All clubs will be ranked in descending order, based firstly on their ranking in their pool, and subsequently on the number of competition points they have accumulated, to create an overall ranking from 1 to 16. The pool winners will be ranked 1 to 4, the second-placed clubs ranked 5 to 8, the third-placed clubs ranked 9 to 12, and the four next best clubs across all pools will be ranked 13 to 16.

Whilst the round of 16 will follow a pre-determined format (1 v 16 down to 8 v 9) with home advantage given to the clubs ranked 1 to 8, the quarter-finals will see home venue advantage given to the higher-ranked team from the pool stage based on a fixed bracket. As such, the teams seeded 1 to 4 are guaranteed home advantage if they reach the quarter-finals, and teams seeded 13 to 16 are guaranteed an away fixture if they do so. Whether a team ranked from 5 to 12 plays home or away depends on which teams advance in their section of the bracket.
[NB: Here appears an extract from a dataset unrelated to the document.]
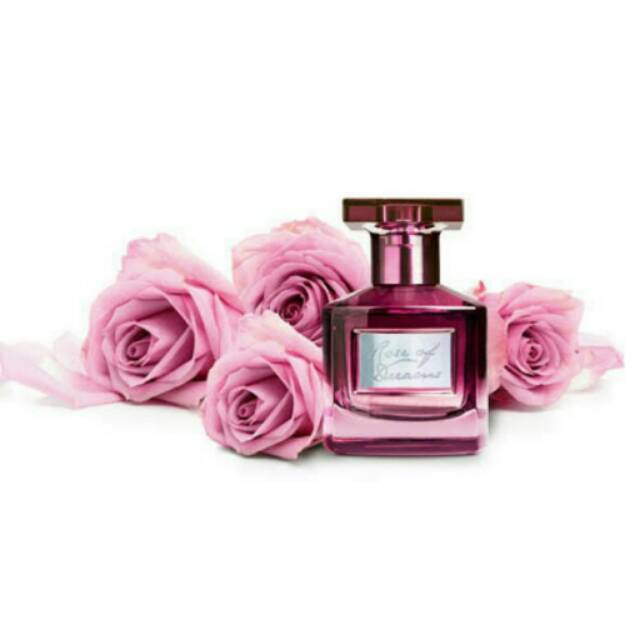 rose of dream eau de perfume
At the semi-final stage, the winner of the first quarter-final (Winner R16 1 v Winner R16 8) will play the winner of the fourth quarter-final, while the winner of the second quarter-final will play the winner of the third, with the venues for the matches designated by EPCR. If matches are drawn at the end of normal time during any knockout round, extra-time is played, followed if necessary by a tiebreaker for the most tries scored or a place-kick competition.